=== Work to be completed ===
Please restate exactly the lines from the one holding "Kleurplaat winnie the" to the end of the material, including both ends and excluding every picture.

=== Records provided ===
• • • • • • •
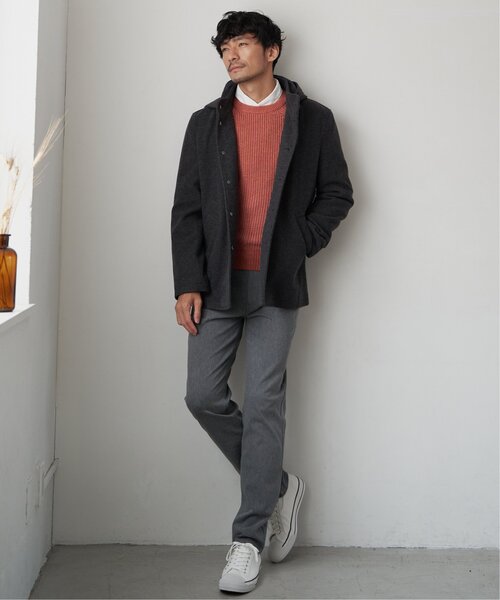 ikka(イッカ)の「【洗える/抗菌防臭】抗菌畦クル-ネックニット(ニット/セーター・メンズ・グレー/オレンジ/グリーン/ネイビー・S/M/L/XL)」の14枚目の写真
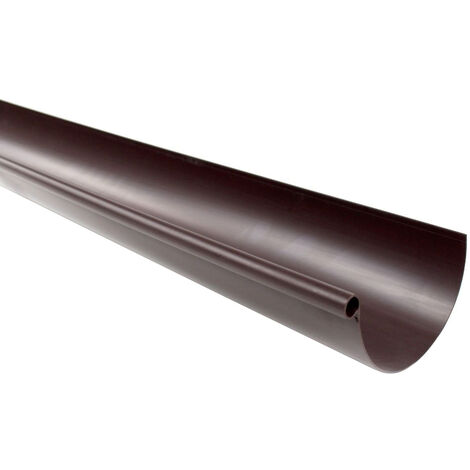 First Plast – Profilé gouttière PVC coextrudé demi-ronde 4 m – Couleur marron – Assemblage par collage ou joint – Pour chantiers humides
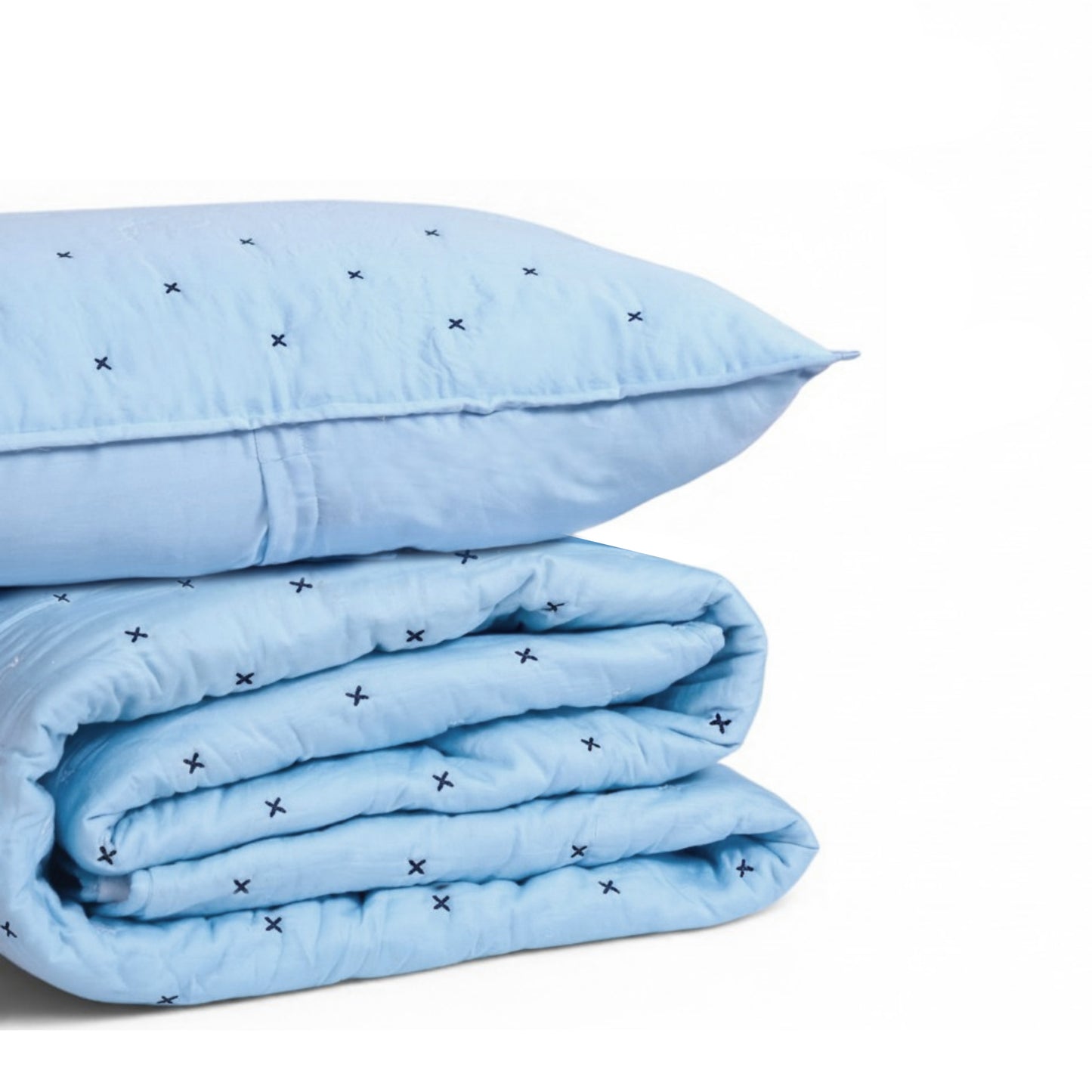 Sky Blue 300TC Fine Cotton Quilted Bed Set – Diamond Pattern Tuck Quilting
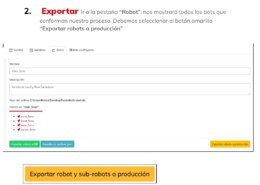 BOTON AMARILLO DE EXPORTAR ROBOT A PRODUCCION NO APARECE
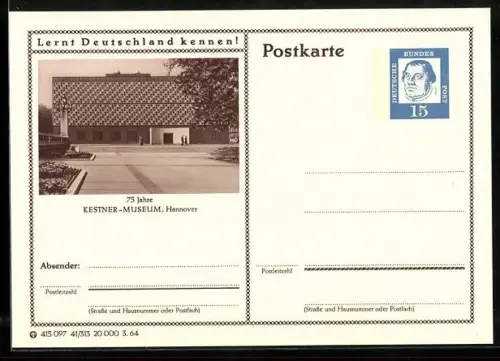 AK Hannover, 75 Jahre Kestner Museum, Ganzsache Lernt Deutschland kennen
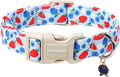 DOGWONG Strawberry Dog Collar, Blue Dog Collars Blueberry Adjustable Cute Pet Collars Girl Design Dog Collar for Small Medium Large Dogs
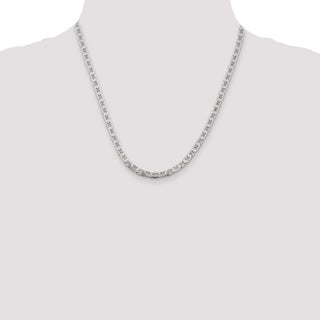 20" Sterling Silver 4.5mm Flat Anchor Chain Necklace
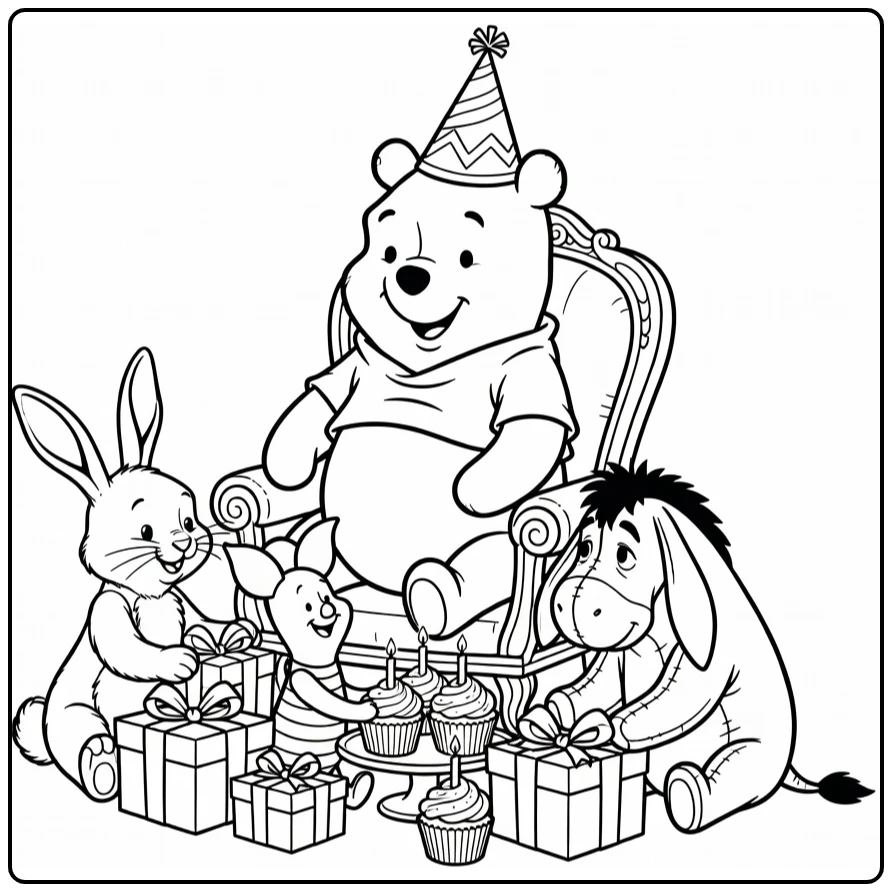 Kleurplaat winnie the pooh verjaardag met konijn, biggetje, iejoor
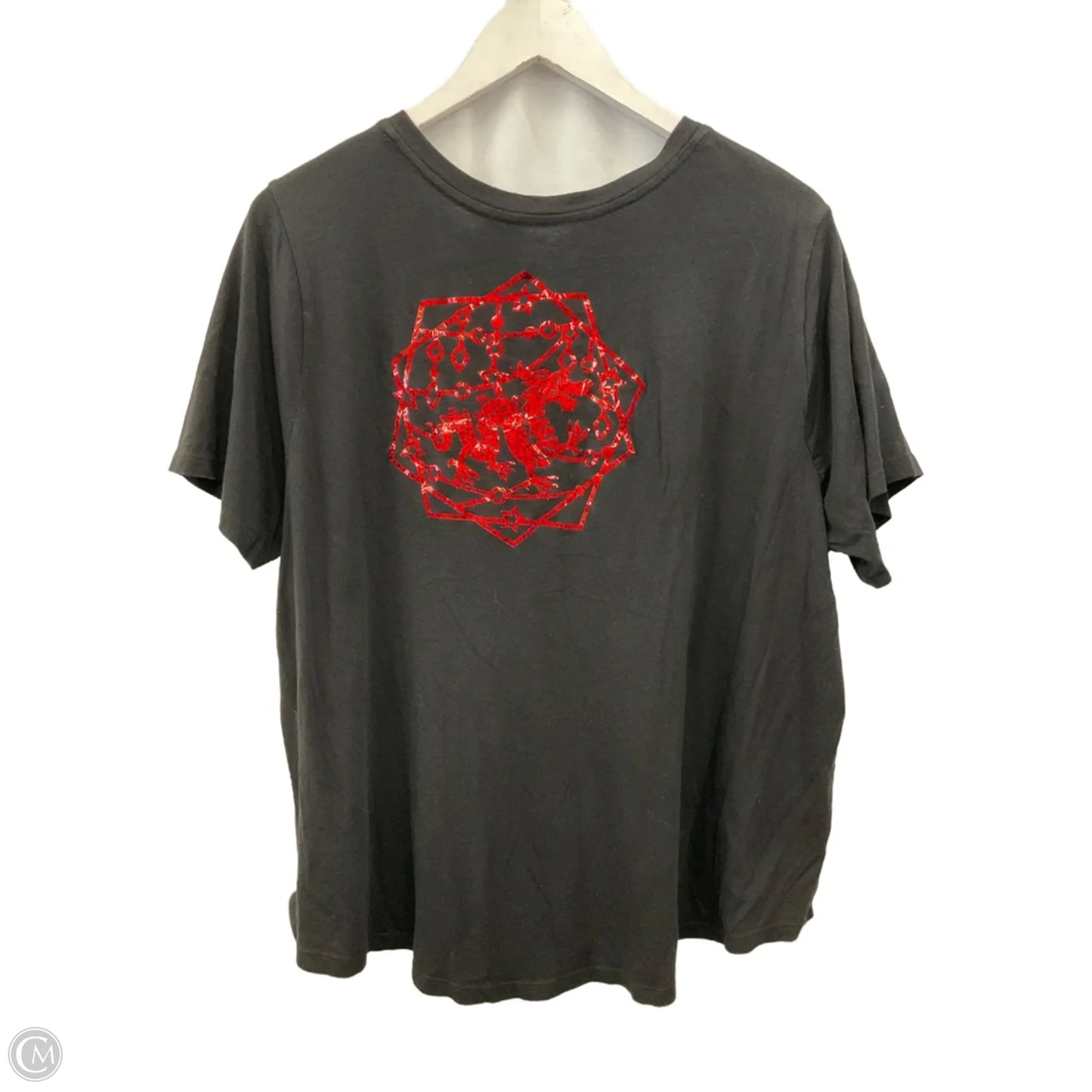 Top Short Sleeve By Terra & Sky In Black, Size: 2x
• • • • • • •
=== Exercise answer ===
 Kleurplaat winnie the pooh verjaardag met konijn, biggetje, iejoor
 Top Short Sleeve By Terra & Sky In Black, Size: 2x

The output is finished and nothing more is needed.